E.g. Let’s take a look at \(3a + ba\)
- There is a common factor of \(a\) in both terms
- We only have one common factor, so choose to factorise the \(a\) out.
- We now start with \((...)a\)
- If we divide \(3a\) by \(a\) we get \(3\) and if we divide \(+ba\) by \(a\) we get \(+b\) so we put \(3+b\) inside the brackets to get \((3+b)a\).

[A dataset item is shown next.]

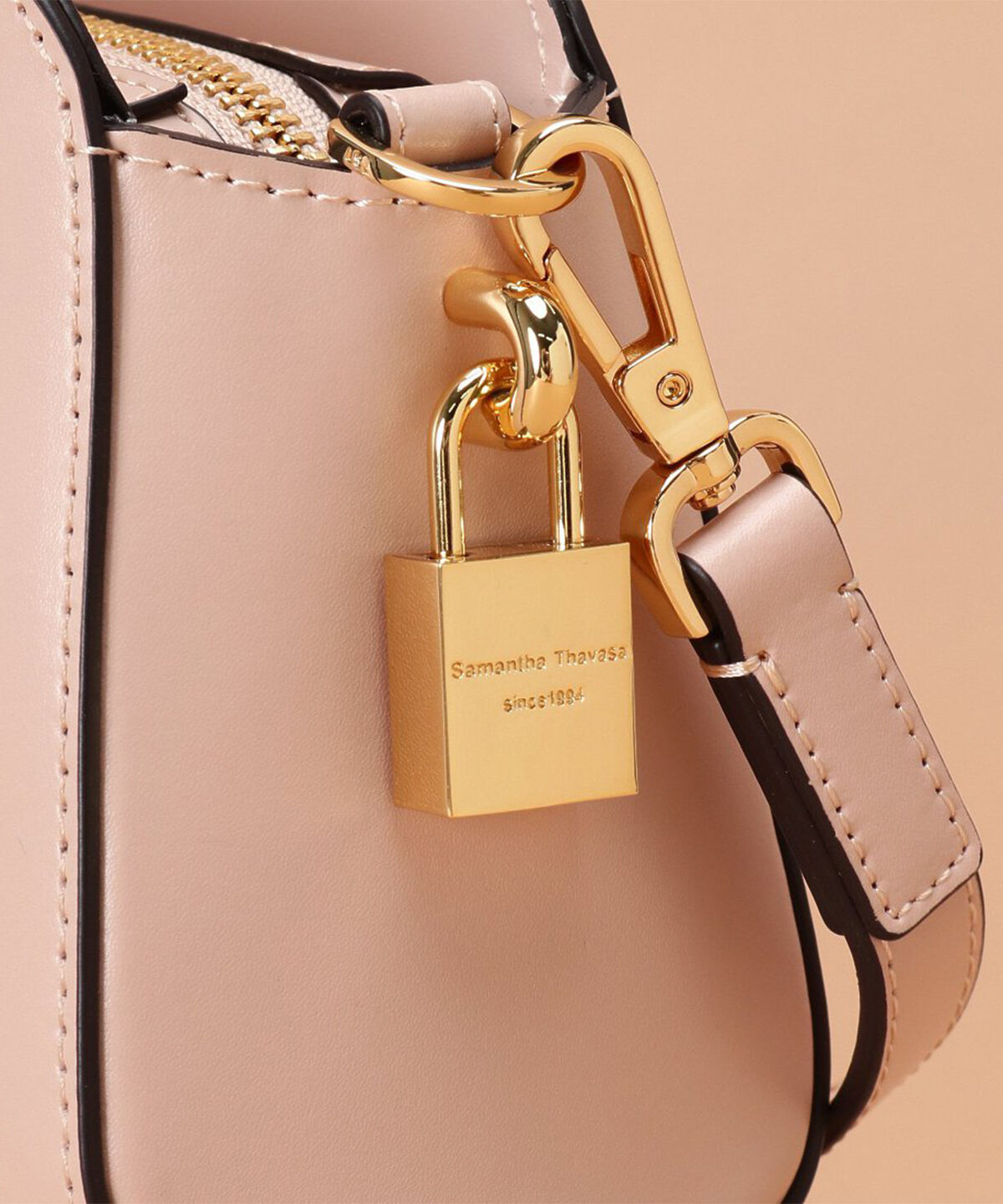 Samantha Thavasa「トラペズミニヨン ショルダーバッグ」|ショルダー・メッセンジャー|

You can always double check by multiplying the brackets out again.
More examples:
\(3a + 3b\)
- We have one common factor, \(3\)
- Choose to factorise out \(3\)
- \(3(...)\)
- \(3a\) divided by \(3\) is \(a\), \(+3b\) divided by \(3\) is \(+b\) so we get \(3(a+b)\)
\(3ab + 3ac\)
- We have one common factor, \(3a\)
- Choose to factorise out \(3a\)
- \(3a(...)\)
- \(3ab\) divided by \(3a\) is \(b\), \(+3ac\) divided by \(3a\) is \(+c\) so we get \(3a(b+c)\)
\(a + a^2\)
- We have one common factor, \(a\)
- Choose to factorise out \(a\)
- \(a(...)\)
- \(a\) divided by \(a\) is \(1\), \(+a^2\) divided by \(a\) is \(+c\) so we get \(a(1+a)\)
\(3ab + 3ac + 3bc\)
- We have choices of common factors:
- \(3\) is common to all of them
- \(3a\) is common to the first two
- \(3b\) is common to the first and third term
- \(3c\) is common to the second and third term
- Choose to factorise out \(3\)
- \(3(...)\)
- \(3ab\) divided by \(3\) is \(ab\), \(+3ac\) divided by \(3\) is \(+ac\), \(+3bc\) divided by \(3\) is \(+bc\) so we get \(3(ab+ac+bc)\)
We could no look at the terms inside the bracket and do some more factorising. E.g. we could get \(3(a(b+c) + bc)\).